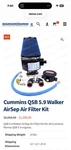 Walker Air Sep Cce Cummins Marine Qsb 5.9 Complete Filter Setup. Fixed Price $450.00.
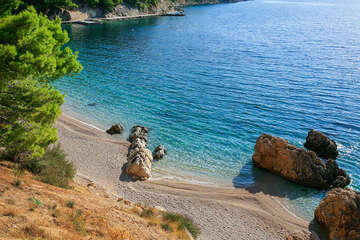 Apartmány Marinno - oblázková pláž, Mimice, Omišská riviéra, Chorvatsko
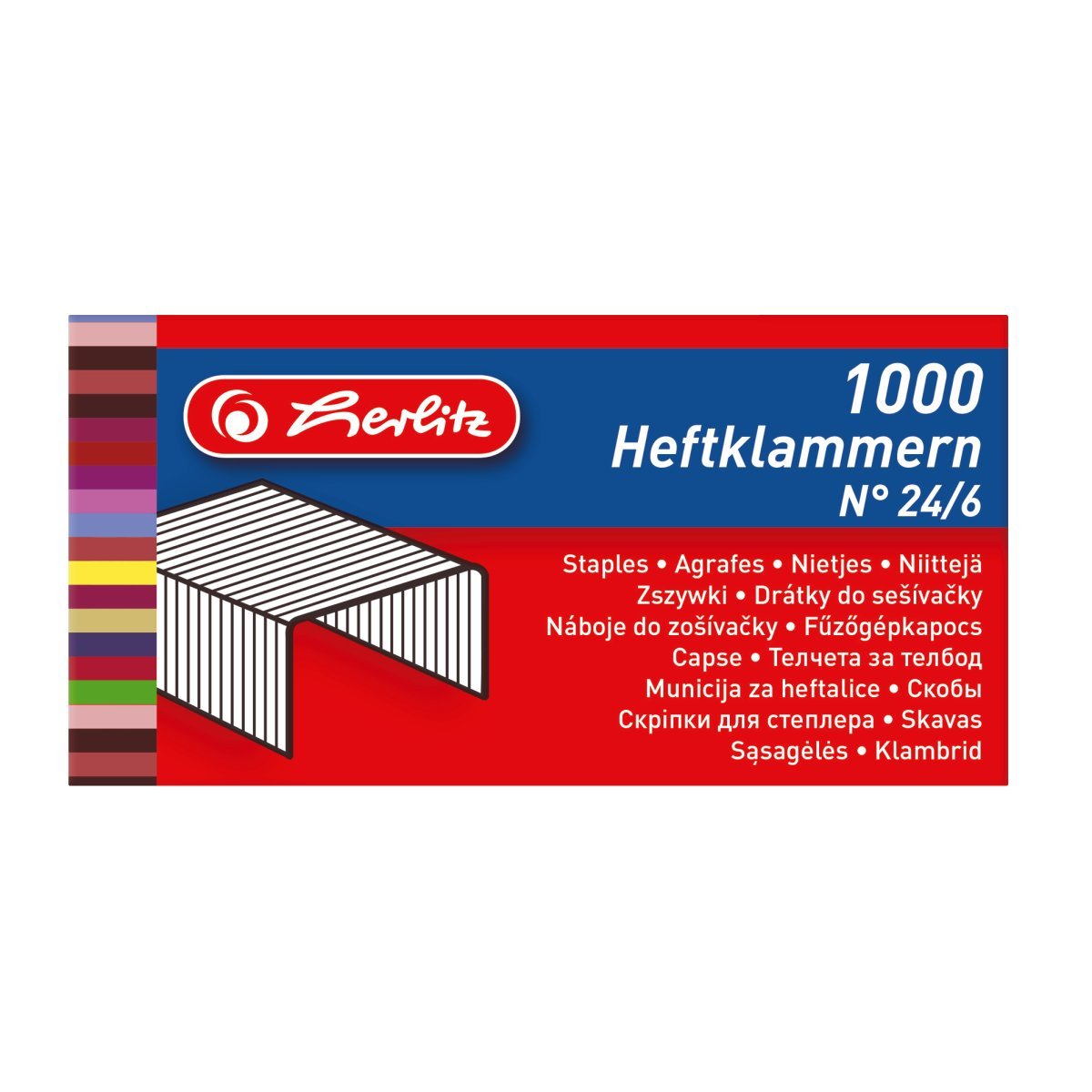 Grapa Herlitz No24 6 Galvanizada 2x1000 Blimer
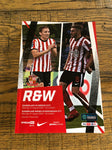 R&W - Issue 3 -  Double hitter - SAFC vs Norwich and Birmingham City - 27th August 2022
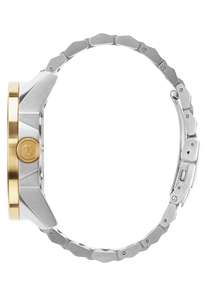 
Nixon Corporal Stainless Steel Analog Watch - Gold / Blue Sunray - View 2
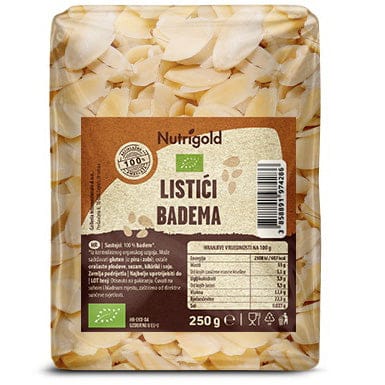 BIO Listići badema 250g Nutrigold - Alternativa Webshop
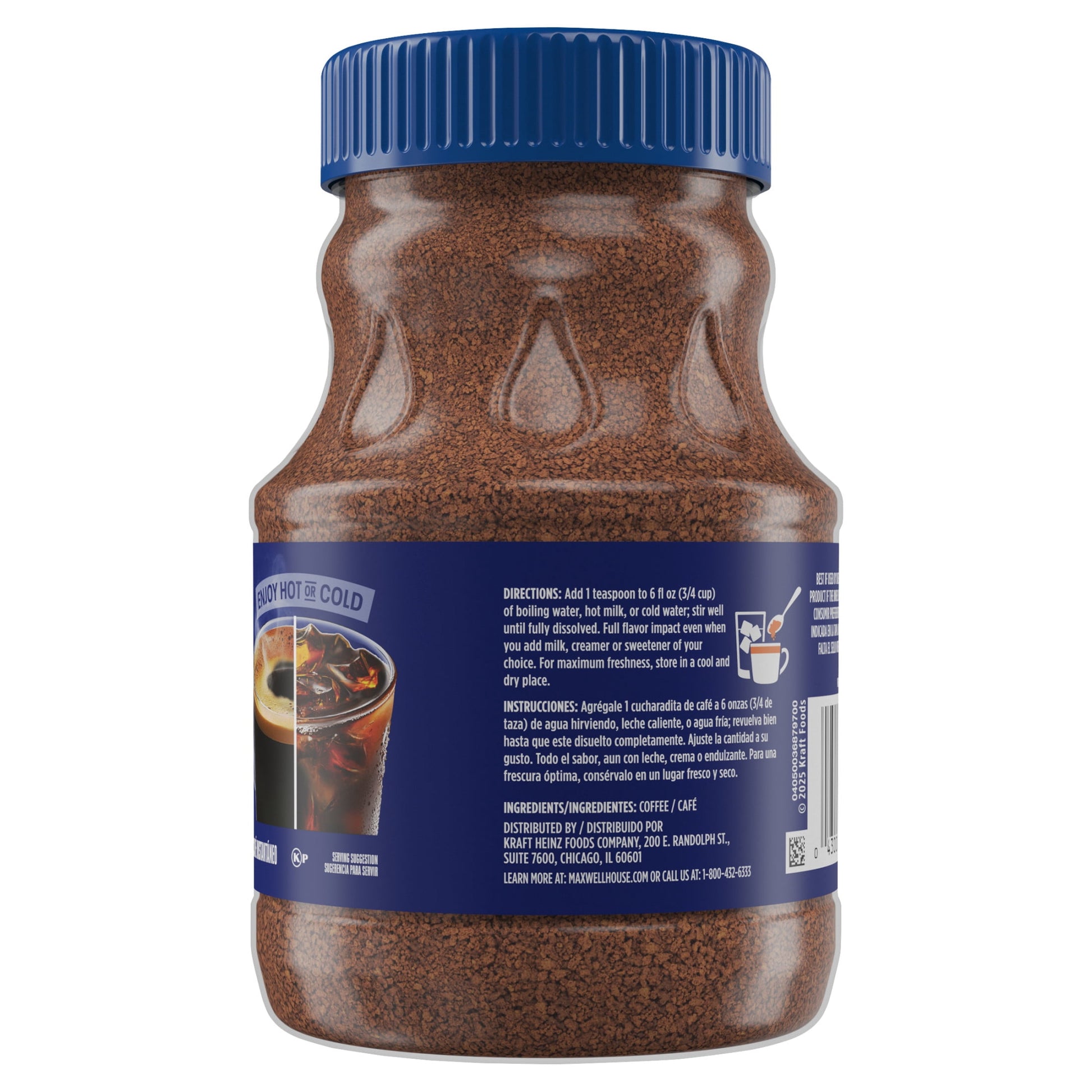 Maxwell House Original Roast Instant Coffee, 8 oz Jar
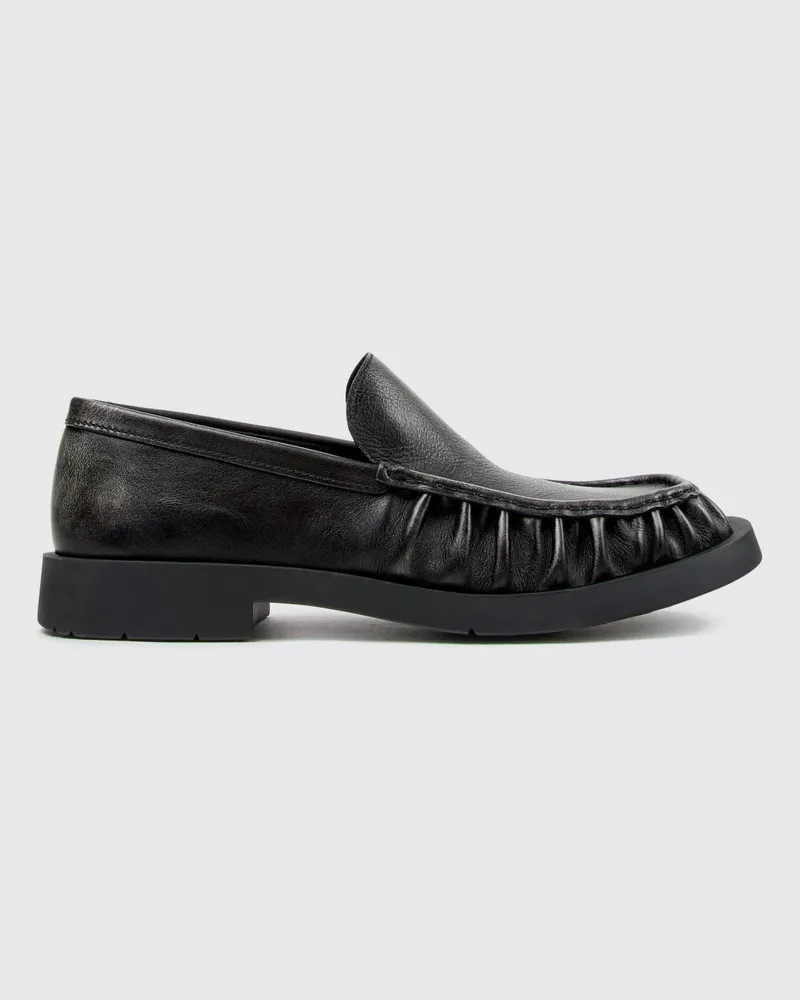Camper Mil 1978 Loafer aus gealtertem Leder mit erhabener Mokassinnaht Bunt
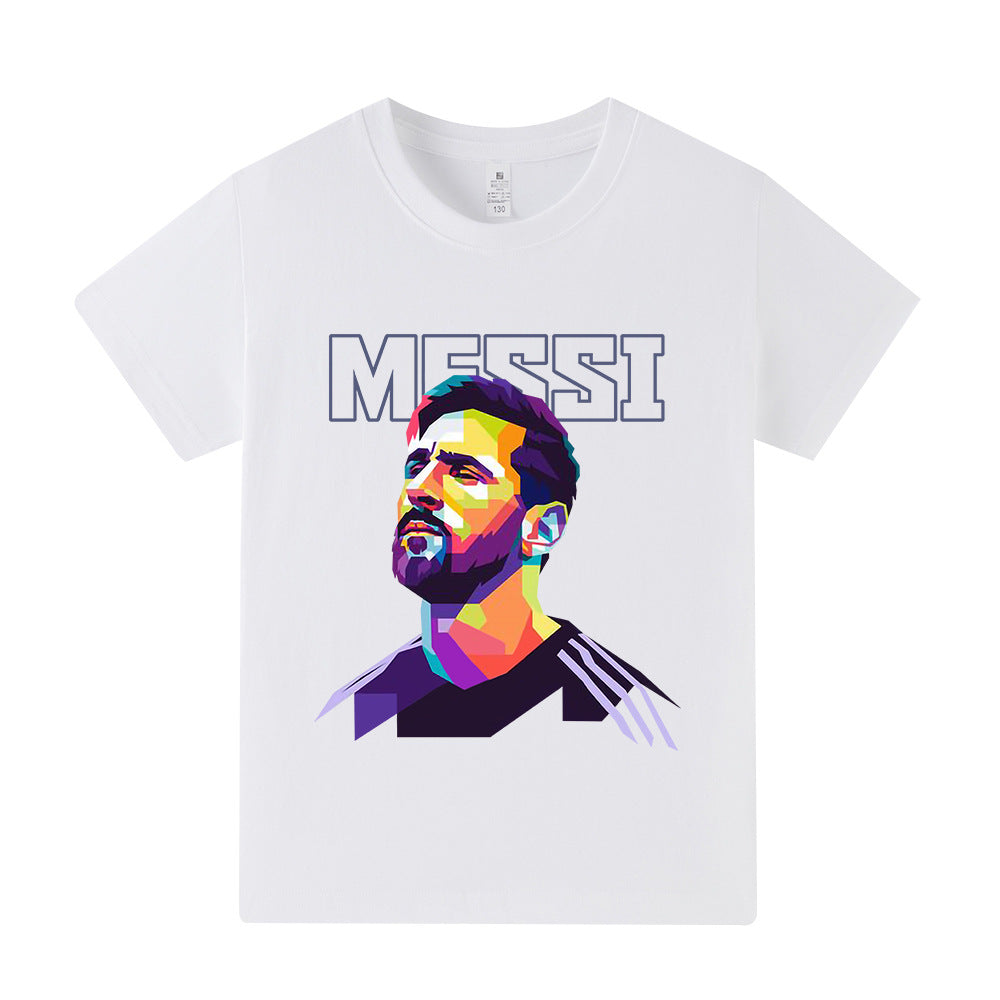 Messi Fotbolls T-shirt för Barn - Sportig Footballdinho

- Exercise aim:
Apart from the pictures, every line above must be printed exactly.

- Solution to this task:
 Walker Air Sep Cce Cummins Marine Qsb 5.9 Complete Filter Setup. Fixed Price $450.00.
 Apartmány Marinno - oblázková pláž, Mimice, Omišská riviéra, Chorvatsko
 Grapa Herlitz No24 6 Galvanizada 2x1000 Blimer
 R&W - Issue 3 -  Double hitter - SAFC vs Norwich and Birmingham City - 27th August 2022
Nixon Corporal Stainless Steel Analog Watch - Gold / Blue Sunray - View 2
 BIO Listići badema 250g Nutrigold - Alternativa Webshop
 Maxwell House Original Roast Instant Coffee, 8 oz Jar
Camper Mil 1978 Loafer aus gealtertem Leder mit erhabener Mokassinnaht Bunt
 Messi Fotbolls T-shirt för Barn - Sportig Footballdinho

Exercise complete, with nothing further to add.